* [ABOUT THIS EXERCISE]
Please copy exactly the line containing "Белое кашпо из искусственного ротанга 5л" and every line after it, through the last line of the records below, leaving out all pictures.

* [RECORDS PROVIDED]
BEGIN

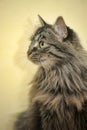 Fluffy Siberian cat Royalty Free Stock Photo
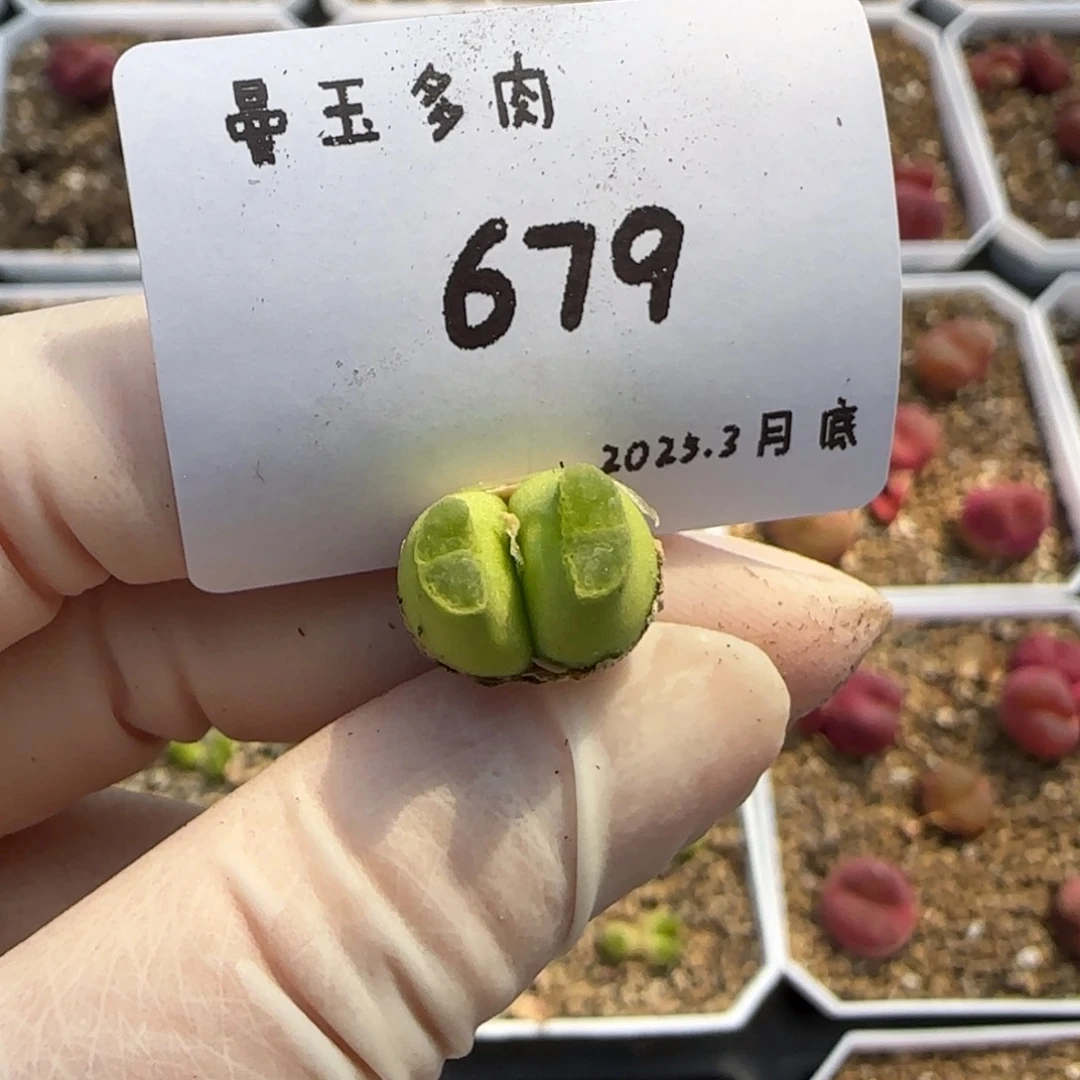 猫*多肉多肉多肉3.30-679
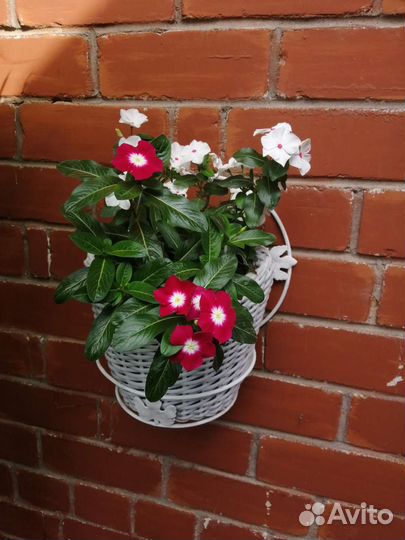 Белое кашпо из искусственного ротанга 5л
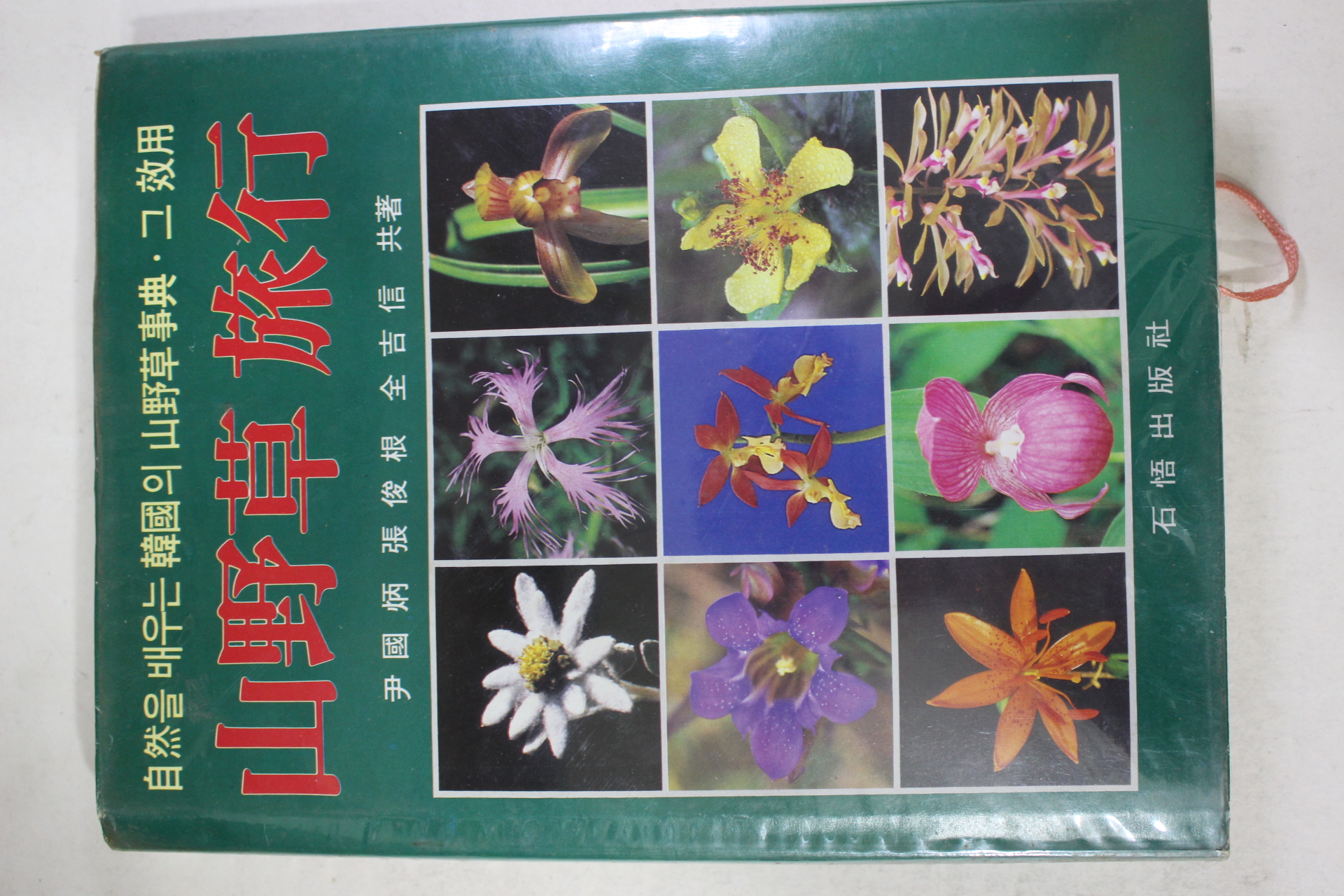 1988년 산야초여행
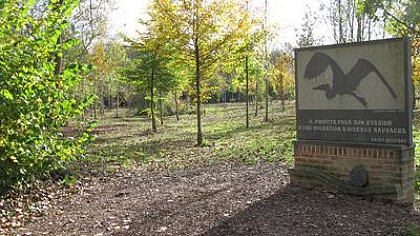 La forêt des anges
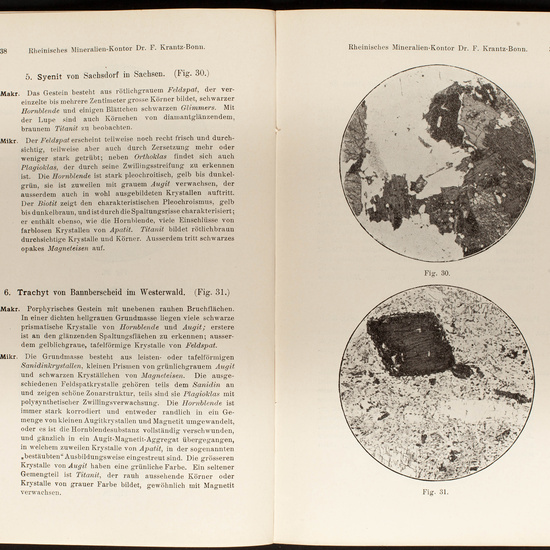 IES_CARDENALCISNEROS_CATALOGOS_029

END

* [ANSWER TO THIS TASK]
 Белое кашпо из искусственного ротанга 5л
 1988년 산야초여행
 La forêt des anges
 IES_CARDENALCISNEROS_CATALOGOS_029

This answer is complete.